=== Problem ===
Nothing is needed except the lines below that run from the one with "Vintage Antik Opium?" through the one with "A pipe with", repeated exactly.
+++ Data
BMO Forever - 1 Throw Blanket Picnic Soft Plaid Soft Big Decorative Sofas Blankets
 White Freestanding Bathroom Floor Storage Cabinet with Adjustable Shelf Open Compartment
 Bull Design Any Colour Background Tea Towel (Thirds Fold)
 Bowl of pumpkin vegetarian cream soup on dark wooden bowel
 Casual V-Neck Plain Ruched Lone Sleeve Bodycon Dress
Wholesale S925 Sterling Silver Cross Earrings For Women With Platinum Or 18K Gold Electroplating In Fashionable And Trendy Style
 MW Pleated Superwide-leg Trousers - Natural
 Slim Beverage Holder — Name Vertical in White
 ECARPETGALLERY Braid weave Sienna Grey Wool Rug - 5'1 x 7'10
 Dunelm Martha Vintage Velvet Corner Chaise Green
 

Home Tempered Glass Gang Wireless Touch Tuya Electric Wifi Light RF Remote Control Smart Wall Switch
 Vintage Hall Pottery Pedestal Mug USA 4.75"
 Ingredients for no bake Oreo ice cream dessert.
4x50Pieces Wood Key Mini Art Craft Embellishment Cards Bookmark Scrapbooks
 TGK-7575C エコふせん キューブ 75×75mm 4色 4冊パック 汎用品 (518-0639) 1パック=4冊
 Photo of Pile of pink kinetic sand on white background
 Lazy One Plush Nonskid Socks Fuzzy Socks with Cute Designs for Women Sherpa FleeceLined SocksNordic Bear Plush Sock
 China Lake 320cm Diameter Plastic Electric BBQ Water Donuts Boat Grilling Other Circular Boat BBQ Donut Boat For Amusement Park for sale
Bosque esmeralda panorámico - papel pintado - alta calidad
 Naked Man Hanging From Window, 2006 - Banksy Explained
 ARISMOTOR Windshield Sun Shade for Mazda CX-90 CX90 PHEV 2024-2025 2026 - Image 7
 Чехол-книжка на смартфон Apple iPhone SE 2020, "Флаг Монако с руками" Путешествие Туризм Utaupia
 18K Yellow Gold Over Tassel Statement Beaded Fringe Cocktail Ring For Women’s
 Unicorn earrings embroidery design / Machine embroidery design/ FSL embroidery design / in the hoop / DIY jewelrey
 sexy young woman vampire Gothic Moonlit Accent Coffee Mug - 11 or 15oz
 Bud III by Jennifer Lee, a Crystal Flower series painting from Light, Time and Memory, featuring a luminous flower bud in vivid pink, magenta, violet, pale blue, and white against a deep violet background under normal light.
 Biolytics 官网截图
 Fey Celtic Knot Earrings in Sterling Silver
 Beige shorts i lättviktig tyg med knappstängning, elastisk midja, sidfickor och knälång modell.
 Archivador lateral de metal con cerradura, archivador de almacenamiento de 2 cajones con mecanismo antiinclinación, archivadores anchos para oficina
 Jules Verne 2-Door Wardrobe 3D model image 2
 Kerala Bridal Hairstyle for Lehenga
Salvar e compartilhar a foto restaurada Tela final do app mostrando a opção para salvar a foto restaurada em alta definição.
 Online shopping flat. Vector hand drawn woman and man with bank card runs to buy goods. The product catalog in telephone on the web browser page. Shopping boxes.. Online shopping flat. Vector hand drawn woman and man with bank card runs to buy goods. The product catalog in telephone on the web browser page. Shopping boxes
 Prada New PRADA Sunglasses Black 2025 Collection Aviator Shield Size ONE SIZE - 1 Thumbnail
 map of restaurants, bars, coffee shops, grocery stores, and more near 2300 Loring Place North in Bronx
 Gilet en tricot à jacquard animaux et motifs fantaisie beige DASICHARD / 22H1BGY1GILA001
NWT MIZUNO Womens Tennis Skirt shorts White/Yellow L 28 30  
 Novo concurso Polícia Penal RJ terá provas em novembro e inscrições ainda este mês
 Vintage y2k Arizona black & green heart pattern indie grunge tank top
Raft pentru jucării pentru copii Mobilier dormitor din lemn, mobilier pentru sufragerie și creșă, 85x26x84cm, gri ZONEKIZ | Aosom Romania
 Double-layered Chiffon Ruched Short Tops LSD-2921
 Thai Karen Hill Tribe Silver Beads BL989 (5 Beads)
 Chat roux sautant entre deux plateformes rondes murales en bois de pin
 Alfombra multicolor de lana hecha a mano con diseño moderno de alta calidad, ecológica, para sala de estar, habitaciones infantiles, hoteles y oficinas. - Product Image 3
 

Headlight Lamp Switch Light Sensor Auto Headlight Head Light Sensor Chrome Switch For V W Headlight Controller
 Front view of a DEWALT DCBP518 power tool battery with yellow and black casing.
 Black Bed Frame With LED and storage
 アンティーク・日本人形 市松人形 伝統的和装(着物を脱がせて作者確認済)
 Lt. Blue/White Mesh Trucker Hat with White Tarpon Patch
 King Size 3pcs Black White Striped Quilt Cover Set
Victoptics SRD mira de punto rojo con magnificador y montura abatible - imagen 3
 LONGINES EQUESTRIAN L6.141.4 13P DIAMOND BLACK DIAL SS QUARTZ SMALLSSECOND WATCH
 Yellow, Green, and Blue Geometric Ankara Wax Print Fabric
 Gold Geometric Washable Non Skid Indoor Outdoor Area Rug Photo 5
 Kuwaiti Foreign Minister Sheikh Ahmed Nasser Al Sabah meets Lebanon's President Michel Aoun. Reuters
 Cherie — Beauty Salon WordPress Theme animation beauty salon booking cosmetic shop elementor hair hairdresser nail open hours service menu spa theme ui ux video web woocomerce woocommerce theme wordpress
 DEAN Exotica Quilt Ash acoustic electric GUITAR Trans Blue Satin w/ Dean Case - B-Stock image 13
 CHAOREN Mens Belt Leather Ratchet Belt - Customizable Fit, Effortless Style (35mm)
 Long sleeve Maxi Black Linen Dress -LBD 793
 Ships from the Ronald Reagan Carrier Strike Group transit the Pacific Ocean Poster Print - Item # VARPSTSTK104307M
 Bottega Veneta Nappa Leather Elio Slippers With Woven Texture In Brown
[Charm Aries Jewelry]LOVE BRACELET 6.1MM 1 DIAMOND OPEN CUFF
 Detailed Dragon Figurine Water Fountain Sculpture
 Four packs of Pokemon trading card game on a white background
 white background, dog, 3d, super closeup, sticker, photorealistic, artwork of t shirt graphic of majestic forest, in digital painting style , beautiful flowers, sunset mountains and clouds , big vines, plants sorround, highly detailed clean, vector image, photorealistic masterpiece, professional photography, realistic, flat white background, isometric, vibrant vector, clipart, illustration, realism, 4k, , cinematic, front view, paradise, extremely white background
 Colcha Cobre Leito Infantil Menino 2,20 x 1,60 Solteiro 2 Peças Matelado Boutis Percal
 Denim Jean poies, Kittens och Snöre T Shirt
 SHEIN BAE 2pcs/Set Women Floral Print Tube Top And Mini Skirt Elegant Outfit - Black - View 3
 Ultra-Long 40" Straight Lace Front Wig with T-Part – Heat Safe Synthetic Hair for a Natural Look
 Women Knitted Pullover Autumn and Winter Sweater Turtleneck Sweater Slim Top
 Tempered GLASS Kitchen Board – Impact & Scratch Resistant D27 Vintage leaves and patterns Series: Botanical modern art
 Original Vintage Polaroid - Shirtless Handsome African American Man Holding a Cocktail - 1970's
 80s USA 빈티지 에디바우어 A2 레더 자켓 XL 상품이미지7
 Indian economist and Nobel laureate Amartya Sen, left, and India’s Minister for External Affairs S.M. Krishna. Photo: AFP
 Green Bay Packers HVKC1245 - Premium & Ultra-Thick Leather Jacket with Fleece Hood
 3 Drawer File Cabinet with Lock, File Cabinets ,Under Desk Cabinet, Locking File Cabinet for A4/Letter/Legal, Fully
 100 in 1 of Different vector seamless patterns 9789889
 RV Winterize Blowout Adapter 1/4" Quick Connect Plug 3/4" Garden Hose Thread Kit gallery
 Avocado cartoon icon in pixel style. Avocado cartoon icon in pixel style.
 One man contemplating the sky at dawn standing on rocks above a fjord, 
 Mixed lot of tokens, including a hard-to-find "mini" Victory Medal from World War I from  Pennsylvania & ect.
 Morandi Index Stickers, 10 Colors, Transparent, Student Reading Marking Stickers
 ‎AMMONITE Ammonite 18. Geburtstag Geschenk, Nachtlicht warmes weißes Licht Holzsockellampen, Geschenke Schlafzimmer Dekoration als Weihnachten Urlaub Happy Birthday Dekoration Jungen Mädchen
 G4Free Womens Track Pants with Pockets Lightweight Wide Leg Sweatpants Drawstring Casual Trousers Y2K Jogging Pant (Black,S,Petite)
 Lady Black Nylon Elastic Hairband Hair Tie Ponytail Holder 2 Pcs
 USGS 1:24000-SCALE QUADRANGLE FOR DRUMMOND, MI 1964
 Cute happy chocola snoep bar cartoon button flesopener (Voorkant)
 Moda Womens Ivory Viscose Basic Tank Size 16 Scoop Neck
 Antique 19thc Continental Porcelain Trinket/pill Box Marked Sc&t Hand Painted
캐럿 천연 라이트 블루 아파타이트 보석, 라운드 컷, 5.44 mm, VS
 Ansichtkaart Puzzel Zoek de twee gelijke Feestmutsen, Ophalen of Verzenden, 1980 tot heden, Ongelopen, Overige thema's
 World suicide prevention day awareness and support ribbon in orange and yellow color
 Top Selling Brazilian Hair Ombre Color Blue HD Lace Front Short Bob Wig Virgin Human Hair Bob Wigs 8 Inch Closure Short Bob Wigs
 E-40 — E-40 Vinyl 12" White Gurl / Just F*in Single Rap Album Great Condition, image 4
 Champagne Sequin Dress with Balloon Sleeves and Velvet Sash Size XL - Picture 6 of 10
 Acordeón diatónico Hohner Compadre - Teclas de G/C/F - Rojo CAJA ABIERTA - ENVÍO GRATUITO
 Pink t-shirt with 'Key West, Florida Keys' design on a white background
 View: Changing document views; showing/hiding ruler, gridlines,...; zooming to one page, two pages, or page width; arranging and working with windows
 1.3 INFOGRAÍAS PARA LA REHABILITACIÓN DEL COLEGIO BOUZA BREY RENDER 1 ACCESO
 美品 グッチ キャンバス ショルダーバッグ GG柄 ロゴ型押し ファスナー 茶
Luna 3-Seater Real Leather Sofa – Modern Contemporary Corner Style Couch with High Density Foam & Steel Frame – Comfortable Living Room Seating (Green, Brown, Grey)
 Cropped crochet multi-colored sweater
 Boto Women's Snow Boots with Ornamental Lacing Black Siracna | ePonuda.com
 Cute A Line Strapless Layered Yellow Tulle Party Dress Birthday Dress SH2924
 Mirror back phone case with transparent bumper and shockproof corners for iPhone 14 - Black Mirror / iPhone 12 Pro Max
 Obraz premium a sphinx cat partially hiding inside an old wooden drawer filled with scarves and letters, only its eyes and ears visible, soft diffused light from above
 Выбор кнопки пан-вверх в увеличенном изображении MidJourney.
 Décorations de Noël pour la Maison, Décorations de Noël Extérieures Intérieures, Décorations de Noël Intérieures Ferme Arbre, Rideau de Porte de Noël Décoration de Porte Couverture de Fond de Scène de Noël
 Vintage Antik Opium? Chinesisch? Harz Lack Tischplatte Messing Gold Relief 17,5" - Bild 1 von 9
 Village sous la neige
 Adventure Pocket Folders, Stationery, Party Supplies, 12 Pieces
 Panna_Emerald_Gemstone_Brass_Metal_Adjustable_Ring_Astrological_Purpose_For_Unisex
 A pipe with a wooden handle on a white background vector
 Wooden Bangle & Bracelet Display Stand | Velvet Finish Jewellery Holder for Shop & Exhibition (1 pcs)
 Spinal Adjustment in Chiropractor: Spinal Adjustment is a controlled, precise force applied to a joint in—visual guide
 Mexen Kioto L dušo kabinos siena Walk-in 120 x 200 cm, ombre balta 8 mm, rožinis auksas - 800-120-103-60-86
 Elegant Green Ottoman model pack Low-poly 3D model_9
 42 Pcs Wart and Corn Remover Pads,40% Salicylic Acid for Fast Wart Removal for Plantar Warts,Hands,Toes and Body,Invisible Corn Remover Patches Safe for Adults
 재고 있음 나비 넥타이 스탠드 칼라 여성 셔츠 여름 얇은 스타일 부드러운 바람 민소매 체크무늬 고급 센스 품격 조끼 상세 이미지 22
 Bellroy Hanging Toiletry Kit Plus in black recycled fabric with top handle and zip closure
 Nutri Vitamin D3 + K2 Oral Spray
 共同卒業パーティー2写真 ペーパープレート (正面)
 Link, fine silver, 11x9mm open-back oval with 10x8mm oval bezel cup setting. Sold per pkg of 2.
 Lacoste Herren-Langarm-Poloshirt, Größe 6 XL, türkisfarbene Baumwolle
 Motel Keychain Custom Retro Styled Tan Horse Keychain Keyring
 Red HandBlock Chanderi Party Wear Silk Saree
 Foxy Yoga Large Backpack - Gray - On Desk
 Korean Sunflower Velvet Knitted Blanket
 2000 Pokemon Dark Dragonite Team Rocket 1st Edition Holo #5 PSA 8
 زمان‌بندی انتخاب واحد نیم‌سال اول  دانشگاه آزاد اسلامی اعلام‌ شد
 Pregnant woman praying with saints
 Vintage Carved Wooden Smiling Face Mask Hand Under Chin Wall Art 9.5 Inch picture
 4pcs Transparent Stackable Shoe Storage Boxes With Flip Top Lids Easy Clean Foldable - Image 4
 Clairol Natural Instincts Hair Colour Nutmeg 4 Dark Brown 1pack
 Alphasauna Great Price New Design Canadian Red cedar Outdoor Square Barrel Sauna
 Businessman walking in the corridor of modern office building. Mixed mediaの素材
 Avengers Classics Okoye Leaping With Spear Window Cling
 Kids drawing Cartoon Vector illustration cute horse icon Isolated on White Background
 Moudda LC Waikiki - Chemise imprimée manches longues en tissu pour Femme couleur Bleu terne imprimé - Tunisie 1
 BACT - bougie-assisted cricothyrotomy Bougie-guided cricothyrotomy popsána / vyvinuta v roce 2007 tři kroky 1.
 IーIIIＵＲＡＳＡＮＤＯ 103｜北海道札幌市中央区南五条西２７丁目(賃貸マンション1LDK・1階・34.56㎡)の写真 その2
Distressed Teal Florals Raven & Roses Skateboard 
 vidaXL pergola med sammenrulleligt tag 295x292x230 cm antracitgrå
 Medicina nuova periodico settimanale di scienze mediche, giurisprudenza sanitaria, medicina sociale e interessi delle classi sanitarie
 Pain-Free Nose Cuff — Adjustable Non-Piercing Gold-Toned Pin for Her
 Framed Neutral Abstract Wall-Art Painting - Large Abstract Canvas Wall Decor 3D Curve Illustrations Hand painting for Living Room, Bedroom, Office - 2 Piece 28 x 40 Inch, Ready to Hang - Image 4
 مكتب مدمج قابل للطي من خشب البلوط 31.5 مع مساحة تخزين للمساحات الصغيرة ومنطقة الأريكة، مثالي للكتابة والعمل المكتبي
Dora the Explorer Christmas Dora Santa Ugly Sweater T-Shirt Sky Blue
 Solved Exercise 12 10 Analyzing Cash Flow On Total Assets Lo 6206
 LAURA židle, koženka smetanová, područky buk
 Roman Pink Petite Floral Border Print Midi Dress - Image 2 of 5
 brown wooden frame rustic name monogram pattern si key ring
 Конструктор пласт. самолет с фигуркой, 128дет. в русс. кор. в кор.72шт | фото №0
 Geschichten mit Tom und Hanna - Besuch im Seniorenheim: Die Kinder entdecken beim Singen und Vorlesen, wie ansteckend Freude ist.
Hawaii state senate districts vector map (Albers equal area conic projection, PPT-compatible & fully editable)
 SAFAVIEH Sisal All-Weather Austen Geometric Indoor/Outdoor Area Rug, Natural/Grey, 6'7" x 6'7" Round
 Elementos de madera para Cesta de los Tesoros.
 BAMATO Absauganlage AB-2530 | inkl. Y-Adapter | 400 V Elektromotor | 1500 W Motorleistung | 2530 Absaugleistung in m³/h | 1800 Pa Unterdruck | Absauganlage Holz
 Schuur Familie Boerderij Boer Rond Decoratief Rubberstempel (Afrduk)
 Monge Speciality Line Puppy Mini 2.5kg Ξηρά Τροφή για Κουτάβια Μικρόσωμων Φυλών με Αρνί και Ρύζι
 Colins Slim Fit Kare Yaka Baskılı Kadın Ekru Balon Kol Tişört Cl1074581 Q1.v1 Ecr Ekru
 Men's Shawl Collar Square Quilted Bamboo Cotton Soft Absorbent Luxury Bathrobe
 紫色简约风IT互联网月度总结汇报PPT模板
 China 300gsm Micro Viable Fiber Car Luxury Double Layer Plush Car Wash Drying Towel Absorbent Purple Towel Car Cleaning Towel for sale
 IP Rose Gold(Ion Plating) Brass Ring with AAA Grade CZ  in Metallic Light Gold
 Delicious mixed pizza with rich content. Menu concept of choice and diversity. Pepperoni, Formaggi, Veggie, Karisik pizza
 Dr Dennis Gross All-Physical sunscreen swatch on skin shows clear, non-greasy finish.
++++++
=== Result below ===
 Vintage Antik Opium? Chinesisch? Harz Lack Tischplatte Messing Gold Relief 17,5" - Bild 1 von 9
 Village sous la neige
 Adventure Pocket Folders, Stationery, Party Supplies, 12 Pieces
 Panna_Emerald_Gemstone_Brass_Metal_Adjustable_Ring_Astrological_Purpose_For_Unisex
 A pipe with a wooden handle on a white background vector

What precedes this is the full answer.